Il riconoscimento delle tue notevoli qualità, lo dobbiamo ad un cantautore del calibro di Enrico Ruggeri, presente nel 2015, come super ospite, al Festival di Sanremo, che offre la sua “Tre signori”, dedicata ad Enzo Jannacci, Giorgio Gaber e a te
Grazie alla tua multiforme attività hai cercato di capire il senso e l’arcano della vita, mantenendo, in ogni ambito, una saggezza di fondo, tipica di chi ha “capito il gioco”.
La vita è precaria e tutto sommato sempre breve assai, a giudicare dal nostro desiderio di restare il più a lungo “qui”.
Con gli anni accumuliamo ricordi, ma, come ci hai spiegato, “andare a caccia di ricordi non è mai un bell’affare. Quelli belli non li puoi più catturare e quelli brutti non li puoi uccidere”.

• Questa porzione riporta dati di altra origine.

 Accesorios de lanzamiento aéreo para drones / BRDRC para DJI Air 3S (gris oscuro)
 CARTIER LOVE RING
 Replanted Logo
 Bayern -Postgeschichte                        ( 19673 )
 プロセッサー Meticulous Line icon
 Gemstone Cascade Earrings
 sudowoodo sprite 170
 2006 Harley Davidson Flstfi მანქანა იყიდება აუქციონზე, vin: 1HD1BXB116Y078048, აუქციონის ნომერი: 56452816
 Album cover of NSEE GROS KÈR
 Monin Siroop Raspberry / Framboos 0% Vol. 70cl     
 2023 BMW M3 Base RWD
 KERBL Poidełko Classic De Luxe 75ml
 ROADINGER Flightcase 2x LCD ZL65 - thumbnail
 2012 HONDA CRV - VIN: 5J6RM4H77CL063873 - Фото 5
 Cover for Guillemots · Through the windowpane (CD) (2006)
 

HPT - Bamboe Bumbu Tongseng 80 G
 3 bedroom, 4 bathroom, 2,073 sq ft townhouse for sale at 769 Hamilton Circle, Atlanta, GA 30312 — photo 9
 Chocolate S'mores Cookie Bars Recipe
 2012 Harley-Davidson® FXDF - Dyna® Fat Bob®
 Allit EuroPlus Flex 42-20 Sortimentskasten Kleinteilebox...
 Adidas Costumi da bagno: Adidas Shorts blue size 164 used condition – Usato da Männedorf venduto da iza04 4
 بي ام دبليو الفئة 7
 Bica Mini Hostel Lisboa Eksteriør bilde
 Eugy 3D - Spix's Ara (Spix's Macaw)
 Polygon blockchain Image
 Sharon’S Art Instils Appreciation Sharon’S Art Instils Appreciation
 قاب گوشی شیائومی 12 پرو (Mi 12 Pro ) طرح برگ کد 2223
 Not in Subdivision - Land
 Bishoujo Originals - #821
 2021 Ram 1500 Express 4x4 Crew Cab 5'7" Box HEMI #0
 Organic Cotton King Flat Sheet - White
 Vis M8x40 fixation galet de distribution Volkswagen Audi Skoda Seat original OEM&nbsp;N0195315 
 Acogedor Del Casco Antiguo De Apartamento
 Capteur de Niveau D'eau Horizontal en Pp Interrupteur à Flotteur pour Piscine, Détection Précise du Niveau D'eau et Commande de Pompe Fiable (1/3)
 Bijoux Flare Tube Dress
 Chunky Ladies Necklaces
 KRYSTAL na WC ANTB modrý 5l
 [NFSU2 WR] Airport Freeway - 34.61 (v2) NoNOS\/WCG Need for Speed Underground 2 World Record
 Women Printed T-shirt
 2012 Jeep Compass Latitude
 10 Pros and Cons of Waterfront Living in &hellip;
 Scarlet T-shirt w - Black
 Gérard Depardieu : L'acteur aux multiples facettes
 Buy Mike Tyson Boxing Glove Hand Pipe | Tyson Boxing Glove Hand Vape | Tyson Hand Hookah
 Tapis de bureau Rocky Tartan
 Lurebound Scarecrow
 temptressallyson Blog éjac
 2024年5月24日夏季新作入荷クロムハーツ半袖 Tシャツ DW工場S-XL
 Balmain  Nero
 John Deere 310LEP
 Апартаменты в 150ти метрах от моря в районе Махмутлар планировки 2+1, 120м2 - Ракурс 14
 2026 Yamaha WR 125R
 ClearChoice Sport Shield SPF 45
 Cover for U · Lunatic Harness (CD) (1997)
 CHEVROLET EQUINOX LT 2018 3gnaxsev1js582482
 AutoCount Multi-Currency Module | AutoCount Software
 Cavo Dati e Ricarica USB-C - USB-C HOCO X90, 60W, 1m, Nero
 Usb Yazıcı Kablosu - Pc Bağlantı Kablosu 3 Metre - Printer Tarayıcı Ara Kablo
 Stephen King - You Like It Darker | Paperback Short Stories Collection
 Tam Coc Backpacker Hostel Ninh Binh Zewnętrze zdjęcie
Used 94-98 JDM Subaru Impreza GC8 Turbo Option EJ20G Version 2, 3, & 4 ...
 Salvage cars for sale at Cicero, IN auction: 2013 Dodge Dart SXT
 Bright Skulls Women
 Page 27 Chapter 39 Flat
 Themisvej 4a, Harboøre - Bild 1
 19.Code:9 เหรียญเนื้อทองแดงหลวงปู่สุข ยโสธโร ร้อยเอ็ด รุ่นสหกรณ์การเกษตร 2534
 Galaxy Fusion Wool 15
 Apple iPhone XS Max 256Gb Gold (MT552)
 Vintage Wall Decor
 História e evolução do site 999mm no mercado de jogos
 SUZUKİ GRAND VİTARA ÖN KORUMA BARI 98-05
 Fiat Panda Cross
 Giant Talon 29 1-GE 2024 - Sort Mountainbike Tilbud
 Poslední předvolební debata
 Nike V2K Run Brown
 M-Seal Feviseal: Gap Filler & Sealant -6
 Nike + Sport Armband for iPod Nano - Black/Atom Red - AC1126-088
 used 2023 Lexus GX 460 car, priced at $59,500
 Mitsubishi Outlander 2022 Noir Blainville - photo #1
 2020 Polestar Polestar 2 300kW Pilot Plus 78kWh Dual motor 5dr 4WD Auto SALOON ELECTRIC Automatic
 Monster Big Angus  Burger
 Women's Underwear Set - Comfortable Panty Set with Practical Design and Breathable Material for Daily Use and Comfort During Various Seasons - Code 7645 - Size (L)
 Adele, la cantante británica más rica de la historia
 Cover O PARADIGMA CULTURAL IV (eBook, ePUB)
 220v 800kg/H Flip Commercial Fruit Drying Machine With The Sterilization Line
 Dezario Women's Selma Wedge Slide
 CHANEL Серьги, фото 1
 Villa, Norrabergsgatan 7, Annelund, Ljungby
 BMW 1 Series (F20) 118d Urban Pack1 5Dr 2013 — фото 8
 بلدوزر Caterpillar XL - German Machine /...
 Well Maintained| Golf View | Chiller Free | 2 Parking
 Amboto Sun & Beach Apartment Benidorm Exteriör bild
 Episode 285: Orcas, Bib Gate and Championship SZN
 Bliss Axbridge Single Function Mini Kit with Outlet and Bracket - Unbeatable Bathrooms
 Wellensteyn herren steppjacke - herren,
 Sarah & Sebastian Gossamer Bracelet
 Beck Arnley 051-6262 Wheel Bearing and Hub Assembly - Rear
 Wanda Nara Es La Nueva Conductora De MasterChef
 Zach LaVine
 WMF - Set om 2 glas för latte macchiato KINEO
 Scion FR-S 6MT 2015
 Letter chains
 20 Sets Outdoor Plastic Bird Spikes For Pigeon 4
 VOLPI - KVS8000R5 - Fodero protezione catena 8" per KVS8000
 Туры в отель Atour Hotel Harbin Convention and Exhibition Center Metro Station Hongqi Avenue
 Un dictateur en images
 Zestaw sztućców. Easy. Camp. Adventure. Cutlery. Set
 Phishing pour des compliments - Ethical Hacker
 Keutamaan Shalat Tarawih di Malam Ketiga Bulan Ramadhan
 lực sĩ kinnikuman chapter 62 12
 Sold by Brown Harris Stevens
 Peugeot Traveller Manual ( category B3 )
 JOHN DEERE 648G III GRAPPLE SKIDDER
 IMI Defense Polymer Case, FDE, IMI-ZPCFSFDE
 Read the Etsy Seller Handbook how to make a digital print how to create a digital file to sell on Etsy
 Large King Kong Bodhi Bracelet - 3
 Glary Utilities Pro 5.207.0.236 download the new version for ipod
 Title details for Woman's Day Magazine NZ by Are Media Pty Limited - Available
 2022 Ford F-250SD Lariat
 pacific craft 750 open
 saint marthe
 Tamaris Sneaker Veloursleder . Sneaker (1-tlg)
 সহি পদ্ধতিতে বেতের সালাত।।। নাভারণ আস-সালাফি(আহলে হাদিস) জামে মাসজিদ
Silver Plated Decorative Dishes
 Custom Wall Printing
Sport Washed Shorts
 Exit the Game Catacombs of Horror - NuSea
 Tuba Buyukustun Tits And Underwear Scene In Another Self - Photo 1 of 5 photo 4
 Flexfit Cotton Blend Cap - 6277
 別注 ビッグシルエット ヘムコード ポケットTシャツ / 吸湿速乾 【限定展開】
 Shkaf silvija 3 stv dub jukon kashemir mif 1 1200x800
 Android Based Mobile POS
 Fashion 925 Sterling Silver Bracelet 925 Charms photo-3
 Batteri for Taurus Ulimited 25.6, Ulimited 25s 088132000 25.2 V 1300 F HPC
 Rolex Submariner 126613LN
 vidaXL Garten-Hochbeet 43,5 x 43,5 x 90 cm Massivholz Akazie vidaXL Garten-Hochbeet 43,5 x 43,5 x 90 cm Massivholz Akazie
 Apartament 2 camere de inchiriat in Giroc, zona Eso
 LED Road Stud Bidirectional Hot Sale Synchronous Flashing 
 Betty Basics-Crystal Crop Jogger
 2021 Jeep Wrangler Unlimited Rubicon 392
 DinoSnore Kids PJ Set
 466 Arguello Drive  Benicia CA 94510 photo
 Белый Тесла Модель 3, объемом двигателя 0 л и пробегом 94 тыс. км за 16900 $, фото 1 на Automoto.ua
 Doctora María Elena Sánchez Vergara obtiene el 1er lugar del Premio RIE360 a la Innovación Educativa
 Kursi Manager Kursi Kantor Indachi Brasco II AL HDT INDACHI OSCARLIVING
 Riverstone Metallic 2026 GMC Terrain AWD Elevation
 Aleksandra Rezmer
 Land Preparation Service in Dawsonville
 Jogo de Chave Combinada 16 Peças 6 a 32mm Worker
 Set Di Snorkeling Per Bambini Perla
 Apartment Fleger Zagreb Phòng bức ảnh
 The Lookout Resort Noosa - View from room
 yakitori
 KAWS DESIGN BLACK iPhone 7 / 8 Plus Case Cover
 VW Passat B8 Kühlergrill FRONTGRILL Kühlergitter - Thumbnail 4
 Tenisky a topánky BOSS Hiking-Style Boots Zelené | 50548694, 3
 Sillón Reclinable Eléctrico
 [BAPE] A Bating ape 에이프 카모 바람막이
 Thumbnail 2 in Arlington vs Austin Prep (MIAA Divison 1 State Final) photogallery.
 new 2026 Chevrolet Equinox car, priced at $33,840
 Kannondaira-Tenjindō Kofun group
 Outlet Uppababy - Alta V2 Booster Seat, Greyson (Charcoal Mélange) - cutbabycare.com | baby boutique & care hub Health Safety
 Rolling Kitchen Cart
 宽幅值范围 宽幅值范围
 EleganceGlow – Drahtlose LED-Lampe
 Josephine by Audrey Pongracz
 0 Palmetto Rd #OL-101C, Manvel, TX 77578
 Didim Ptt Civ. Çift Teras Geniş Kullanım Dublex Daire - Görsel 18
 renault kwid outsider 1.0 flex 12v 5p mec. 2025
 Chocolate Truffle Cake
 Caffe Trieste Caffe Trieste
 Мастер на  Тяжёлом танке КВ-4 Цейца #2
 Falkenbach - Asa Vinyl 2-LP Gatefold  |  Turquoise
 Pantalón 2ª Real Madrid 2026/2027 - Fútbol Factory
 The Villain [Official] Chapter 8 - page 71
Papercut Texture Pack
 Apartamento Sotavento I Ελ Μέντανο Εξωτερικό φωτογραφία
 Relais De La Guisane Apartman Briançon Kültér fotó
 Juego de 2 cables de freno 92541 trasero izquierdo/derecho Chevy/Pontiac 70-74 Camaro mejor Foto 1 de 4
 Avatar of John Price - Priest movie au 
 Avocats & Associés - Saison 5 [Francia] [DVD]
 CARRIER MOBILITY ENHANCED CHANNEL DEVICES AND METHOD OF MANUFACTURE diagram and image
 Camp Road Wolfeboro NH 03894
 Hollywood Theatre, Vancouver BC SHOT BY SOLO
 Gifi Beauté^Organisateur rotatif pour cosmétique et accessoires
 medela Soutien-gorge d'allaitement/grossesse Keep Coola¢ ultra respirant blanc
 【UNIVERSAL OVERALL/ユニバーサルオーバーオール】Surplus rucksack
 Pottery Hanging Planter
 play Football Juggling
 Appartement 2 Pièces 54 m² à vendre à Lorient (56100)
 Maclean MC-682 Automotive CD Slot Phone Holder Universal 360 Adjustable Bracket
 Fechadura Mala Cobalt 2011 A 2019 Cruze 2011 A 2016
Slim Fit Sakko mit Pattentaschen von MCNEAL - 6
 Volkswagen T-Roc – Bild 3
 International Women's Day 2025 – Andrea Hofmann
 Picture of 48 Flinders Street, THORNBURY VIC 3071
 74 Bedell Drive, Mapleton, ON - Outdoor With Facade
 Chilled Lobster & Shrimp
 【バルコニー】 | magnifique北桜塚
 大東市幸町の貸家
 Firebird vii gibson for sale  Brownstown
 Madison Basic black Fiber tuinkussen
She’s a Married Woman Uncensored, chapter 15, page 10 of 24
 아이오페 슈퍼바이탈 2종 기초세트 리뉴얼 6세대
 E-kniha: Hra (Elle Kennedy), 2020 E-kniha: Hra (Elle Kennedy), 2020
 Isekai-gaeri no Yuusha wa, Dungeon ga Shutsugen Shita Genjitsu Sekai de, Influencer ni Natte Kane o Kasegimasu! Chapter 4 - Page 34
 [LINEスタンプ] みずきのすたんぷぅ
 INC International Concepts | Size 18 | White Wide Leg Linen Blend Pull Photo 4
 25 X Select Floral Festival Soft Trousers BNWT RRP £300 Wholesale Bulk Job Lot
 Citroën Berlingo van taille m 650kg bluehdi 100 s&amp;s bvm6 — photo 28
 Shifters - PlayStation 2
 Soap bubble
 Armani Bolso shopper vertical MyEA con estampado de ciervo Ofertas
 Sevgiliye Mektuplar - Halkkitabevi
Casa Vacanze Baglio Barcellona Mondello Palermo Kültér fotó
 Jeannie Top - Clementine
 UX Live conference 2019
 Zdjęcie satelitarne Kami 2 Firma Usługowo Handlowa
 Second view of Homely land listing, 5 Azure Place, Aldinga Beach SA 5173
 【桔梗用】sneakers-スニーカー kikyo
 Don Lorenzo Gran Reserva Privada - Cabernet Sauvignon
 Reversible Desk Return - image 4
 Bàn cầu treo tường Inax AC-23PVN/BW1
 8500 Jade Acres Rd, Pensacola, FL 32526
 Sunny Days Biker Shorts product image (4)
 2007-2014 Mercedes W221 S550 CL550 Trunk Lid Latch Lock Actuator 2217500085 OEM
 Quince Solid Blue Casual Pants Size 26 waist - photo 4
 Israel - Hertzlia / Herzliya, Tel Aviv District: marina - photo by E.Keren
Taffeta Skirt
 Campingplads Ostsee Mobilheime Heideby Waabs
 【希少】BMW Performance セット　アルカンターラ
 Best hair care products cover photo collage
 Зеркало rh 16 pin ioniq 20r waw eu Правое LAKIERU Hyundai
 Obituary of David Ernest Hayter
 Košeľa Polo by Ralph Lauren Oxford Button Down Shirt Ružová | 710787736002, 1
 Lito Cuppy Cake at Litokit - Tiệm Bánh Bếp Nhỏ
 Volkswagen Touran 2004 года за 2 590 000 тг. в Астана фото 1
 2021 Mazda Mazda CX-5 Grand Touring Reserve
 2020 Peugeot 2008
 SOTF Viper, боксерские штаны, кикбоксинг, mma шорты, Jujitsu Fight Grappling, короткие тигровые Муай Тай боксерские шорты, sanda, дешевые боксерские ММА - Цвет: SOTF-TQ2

I ricordi hanno bisogno di molto tempo per sparire. A meno che non li vai a cercare per fare pace con quel se’ impaurito, frustrato e deluso.
E, infatti, basta un nulla per riaffiorare: una voce, un suono, un’immagine, un profumo, un odore…
E poi arriva il 4 luglio del 2014, e a 63 anni, te ne sei andato.
Questa volta la falciata ti ha colpito in pieno ma, noi, restiamo ancora incantati dal tuo estro, dal tuo fare poliedrico, dalle tue infinite possibilità di esprimere non solo un uomo ma una moltitudine di uomini, di sguardi, di sfumature, di espressioni artistiche in cui ci hai raccontato la possibilità e la capacità dell’uomo di poter attraversare infinite vite in un’unica vita.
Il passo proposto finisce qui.